About six months ago, when Letterman was renegotiating his contract with CBS, things weren't going well. All of a sudden someone leaked that ABC and the gap-toothed comic were in secret negotiations. Then CBS stopped treating Dave like Bryant Gumbel and gave him the money he wanted for a five-year contract. He then announced on his CBS late night show that he was going to end his career at CBS...

1. Since he announced it on "The Late Show," no one saw it.
2. He made it sound like he was being loyal to the Eye Net.
3. A more honest approach: "It's all about cash money, yo. Dolla bills, y'all."

The Aftermath
That left ABC standing there with their pants down. They showed the world their cards: they wanted Koppel out and a regular talk show in.
"Ted, why the long face?"

Ted Koppel freaked. People freaked! "How can you replace a news show with a talk show?"

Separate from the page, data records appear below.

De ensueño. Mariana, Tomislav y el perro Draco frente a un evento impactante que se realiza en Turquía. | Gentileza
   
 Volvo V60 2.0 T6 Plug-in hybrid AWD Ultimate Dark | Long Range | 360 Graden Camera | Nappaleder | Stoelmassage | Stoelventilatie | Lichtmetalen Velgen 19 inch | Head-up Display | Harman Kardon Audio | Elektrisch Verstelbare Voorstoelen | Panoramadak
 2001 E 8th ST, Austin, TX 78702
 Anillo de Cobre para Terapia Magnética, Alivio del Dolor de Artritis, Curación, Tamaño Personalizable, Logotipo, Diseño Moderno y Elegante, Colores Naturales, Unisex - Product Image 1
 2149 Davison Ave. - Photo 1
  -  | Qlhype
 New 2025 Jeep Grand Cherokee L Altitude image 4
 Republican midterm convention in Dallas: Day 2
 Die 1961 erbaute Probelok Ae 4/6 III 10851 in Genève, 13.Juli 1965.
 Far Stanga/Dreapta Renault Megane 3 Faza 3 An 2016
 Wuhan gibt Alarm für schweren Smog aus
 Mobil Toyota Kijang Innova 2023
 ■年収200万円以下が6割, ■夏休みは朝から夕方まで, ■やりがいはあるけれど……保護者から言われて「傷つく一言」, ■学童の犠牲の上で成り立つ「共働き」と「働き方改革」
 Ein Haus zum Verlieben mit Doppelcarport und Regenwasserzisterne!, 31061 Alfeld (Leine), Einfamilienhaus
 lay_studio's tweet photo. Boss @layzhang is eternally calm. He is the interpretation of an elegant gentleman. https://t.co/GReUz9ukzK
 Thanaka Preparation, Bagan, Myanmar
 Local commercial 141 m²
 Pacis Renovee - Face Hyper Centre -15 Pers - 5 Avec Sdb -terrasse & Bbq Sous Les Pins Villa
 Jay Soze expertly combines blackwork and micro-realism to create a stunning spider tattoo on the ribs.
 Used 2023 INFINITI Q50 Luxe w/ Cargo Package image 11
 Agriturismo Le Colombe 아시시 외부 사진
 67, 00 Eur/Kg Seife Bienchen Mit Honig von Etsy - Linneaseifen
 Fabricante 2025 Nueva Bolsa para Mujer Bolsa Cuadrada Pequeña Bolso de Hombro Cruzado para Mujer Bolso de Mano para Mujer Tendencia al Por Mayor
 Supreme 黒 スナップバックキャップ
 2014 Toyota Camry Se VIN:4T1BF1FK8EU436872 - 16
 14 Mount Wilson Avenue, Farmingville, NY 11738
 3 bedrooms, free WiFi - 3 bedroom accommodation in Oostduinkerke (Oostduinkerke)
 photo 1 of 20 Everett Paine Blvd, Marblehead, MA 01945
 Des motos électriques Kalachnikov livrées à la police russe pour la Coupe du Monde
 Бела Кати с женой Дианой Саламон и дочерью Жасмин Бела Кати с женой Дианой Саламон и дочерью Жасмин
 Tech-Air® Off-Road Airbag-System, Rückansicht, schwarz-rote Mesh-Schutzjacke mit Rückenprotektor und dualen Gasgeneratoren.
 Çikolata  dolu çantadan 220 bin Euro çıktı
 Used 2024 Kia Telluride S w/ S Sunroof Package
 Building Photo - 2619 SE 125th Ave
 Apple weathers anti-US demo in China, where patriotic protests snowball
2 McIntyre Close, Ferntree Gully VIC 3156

1. F' Koppel. He's on the air twice a week, if that. What if Leno only hosted his show twice a week?
2. F' Koppel. He makes $5 million a year. Take the money and run, to CNN.
3. IT'S TV. The only responsibility they have is to get ratings. If "Nightline" is so sacred, then more people should watch it.
4. Why should ABC not make potential millions so you can feel better about owning a TV?

Then What Happened?

ABC signed Jimmy Kimmel to do a one-hour talk show at midnight after the all-of-a-sudden-important "Nightline."

The Theory (Finally!)

- By Putting Kimmel at midnight, they are establishing him as a late-night option.
- Koppel has a three-year contract. When that expires, ABC can give the strange-looking deadpan news guy a proper send-off and put in the already established Kimmel at 11:30. It'll be as if he inherited the spot.
- Now there's three white men talking to the same stars about the same movies.
- Letterman's contract is up two years after that.
- With him gone, CBS has to introduce yet another new white male talk show host, making him the dark horse. (Jon Stewart may finally get out of the gate.)
- Now you've made it a two-horse race, Leno or Kimmel, with "that new guy who sucks and isn't as good as Letterman was on CBS" bringing up the rear.

So if ABC is willing to put up with losing money upfront and Kimmel can take early criticisms at a "Conan O'Brien rate," then ABC can pull the talk show rug out from under NBC and CBS.